The OIS proxy performs well, with the difference being attributed to the backward shift convention used for RFR compounding. For the LIBOR and PROXY curve approach we see a periodic spike in the error. The periodic frequency corresponds to the semi-annual coupon frequency. We investigate the causes of this error by drilling into the valuation at two consecutive exposure dates 2022/2/15 and 2022/2/25, as highlighted in the red box of the lower middle panel. Note that this IRS trade has the payment dates at 2/20 and 8/20 each year prior to the holiday adjustment and lag.

The below figure plots the coupon rate differences (for a single Monte Carlo path) between RFR and PROXY. The blue curve is for February 15 valuation and the orange for Februay 22. Note that a coupon period pays/starts on February 20, part way between these two exposure dates.
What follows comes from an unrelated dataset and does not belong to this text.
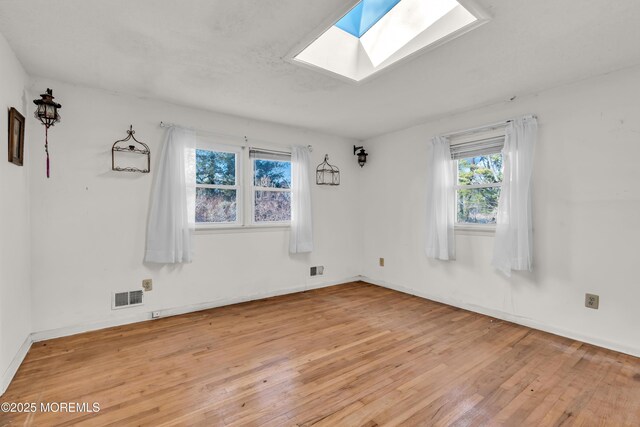 empty room with light wood-type flooring and a skylight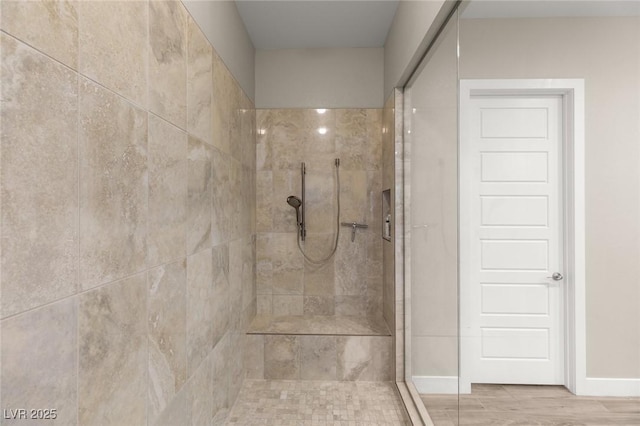 full bathroom featuring a tile shower and baseboards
The first thing to note is that for the forward starting coupons the projected coupon rates match very well. This is because the payoff formula for geometric compounding reduces to the IBOR payoff formula. However, this is not the case for the partially compounded coupons; the coupon paying February 20 for the blue curve and August 20 for the orange curve. The second thing to note is the error is much larger when the exposure date is near the end of the partially compounded coupon. The exposure date February 15 sits near the end of the coupon period ending February 20, in fact 118 out of the 120 daily compounded rates are already fixed as of this exposure dates. These fixed rates are determined by simulation up to each compounding date. Due to the volatility of rates these can differ significantly from the proxy term Libor calculated at the start of the coupon period. In contrast to this, the exposure date on February 25 sits near the beginning of the coupon period ending August 20. In this case only 5 out of 118 dates in the period are fixed. Hence most of the daily rates are projected with the curve as of the valuation date February 25. The first coupon rate difference causes the large future MTM error. And the first coupon rate difference is caused by projection versus simulation of the RFR rates to their fixing dates.

Using the OIS leg, the fixing of the daily compounded rates is accurately captured. This fact explains why the maximum MTM differences for OIS are much smaller than the other two cases, i.e. LEGACY and PROXY. The relatively small difference with the OIS leg is caused by the RFR averaging type difference.

Quantitative Results (swaptions):

We repeat the same analysis for swaption trades, i.e. European swaptions with 10 years option expiry by 20 years underlying swap. However, we don't include the OIS proxy as it is assumed that OIS swaptions are not available in the legacy library.

Similar results are found as in the swap case. Present value is well approximated by the proxy curve, however forward valuations show significant errors.

The below figure plots the difference in the exposure profile for the swaption. Before exercise the proxies behave quite well, but after exercise we observe the same periodic spike in error. This error is attributed to the error in the partially compounded coupon rates of the swap that the swaption has exercised into.


We have seen that it is successful to introduce the proxy RFR curve for computing the present value for swaps and swaptions. However, the proxy behaves poorly when used for future exposure calculations. Banks with the OIS swap legs can approximate PFE with the RFR swaps very well. However, if the OIS leg is not available for swaptions they have to use the legacy IBOR based swaptions instead, and in this case significant errors are found. Those banks should pay attention on the large PFE errors (200 bps in our example). In the xVA context, the calculation is based on the EPE profile. The EPE differences from RFR with the legacy leg are around 50 bp and 40 bp, respectively, in both swaps and swaptions. It is good practice to keep monitoring the pricing errors on PFE/xVA until these banks will fully support the RFR instruments in their risk system.